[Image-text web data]

>>>>

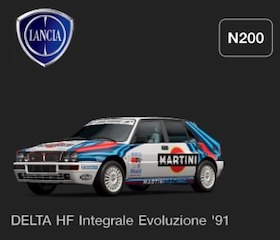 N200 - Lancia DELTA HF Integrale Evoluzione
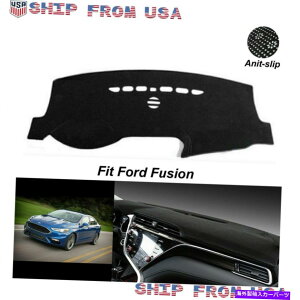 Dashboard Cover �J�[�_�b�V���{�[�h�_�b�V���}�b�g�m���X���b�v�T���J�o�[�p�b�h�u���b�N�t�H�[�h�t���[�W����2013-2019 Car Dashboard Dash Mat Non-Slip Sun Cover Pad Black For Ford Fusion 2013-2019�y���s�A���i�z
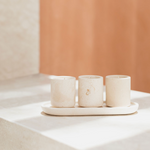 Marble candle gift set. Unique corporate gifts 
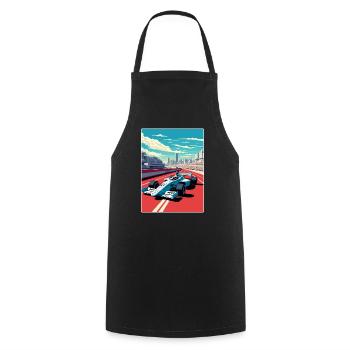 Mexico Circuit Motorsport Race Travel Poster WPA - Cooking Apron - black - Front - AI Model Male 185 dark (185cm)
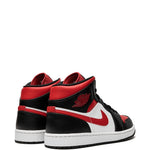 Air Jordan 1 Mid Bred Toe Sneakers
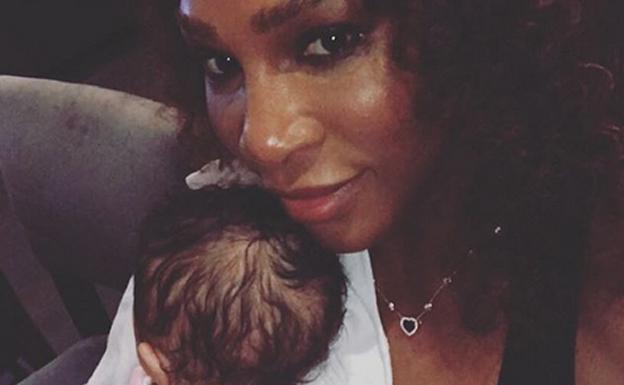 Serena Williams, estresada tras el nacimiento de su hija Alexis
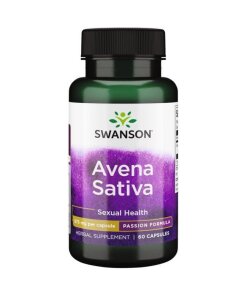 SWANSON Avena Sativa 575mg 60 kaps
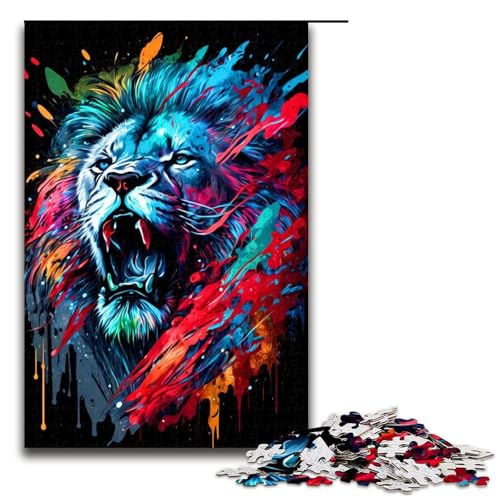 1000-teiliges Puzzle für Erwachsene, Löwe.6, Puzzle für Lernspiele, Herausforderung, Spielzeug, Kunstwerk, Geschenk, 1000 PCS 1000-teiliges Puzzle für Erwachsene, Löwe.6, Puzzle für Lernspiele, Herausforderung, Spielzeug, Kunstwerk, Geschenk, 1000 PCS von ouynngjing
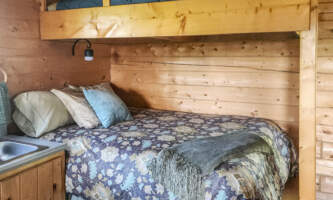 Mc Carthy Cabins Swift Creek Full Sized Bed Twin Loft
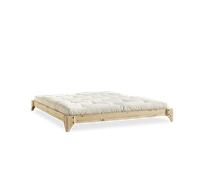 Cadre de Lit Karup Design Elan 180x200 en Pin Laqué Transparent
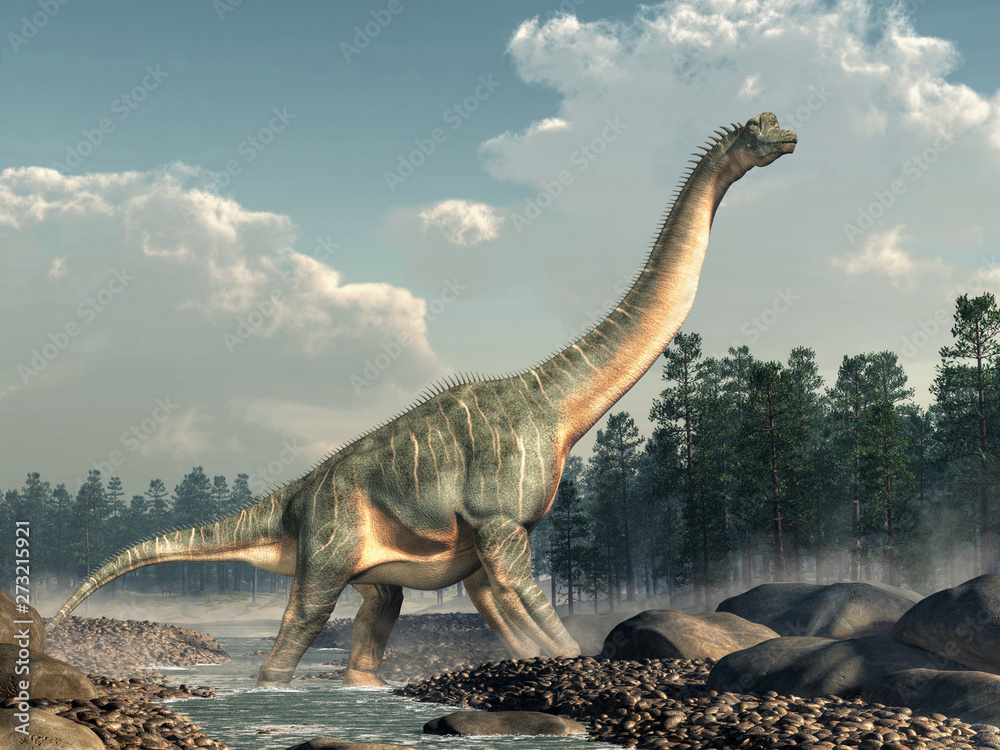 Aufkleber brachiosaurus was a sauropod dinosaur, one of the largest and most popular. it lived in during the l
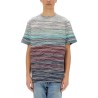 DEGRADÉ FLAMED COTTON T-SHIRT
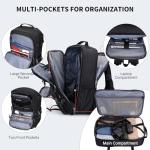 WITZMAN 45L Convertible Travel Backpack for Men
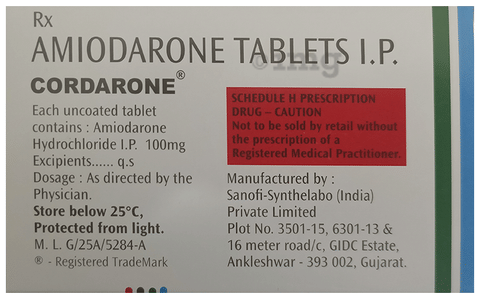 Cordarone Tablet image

<<<<

Task details: Copy each entry above exactly; drop the pictures.

Answer area:
 N200 - Lancia DELTA HF Integrale Evoluzione
 Dashboard Cover �J�[�_�b�V���{�[�h�_�b�V���}�b�g�m���X���b�v�T���J�o�[�p�b�h�u���b�N�t�H�[�h�t���[�W����2013-2019 Car Dashboard Dash Mat Non-Slip Sun Cover Pad Black For Ford Fusion 2013-2019�y���s�A���i�z
 Marble candle gift set. Unique corporate gifts 
 Mexico Circuit Motorsport Race Travel Poster WPA - Cooking Apron - black - Front - AI Model Male 185 dark (185cm)
 Air Jordan 1 Mid Bred Toe Sneakers
 Serena Williams, estresada tras el nacimiento de su hija Alexis
 SWANSON Avena Sativa 575mg 60 kaps
 1000-teiliges Puzzle für Erwachsene, Löwe.6, Puzzle für Lernspiele, Herausforderung, Spielzeug, Kunstwerk, Geschenk, 1000 PCS 1000-teiliges Puzzle für Erwachsene, Löwe.6, Puzzle für Lernspiele, Herausforderung, Spielzeug, Kunstwerk, Geschenk, 1000 PCS von ouynngjing
 Mc Carthy Cabins Swift Creek Full Sized Bed Twin Loft
 Cadre de Lit Karup Design Elan 180x200 en Pin Laqué Transparent
 Aufkleber brachiosaurus was a sauropod dinosaur, one of the largest and most popular. it lived in during the l
 DEGRADÉ FLAMED COTTON T-SHIRT
 WITZMAN 45L Convertible Travel Backpack for Men
 Cordarone Tablet image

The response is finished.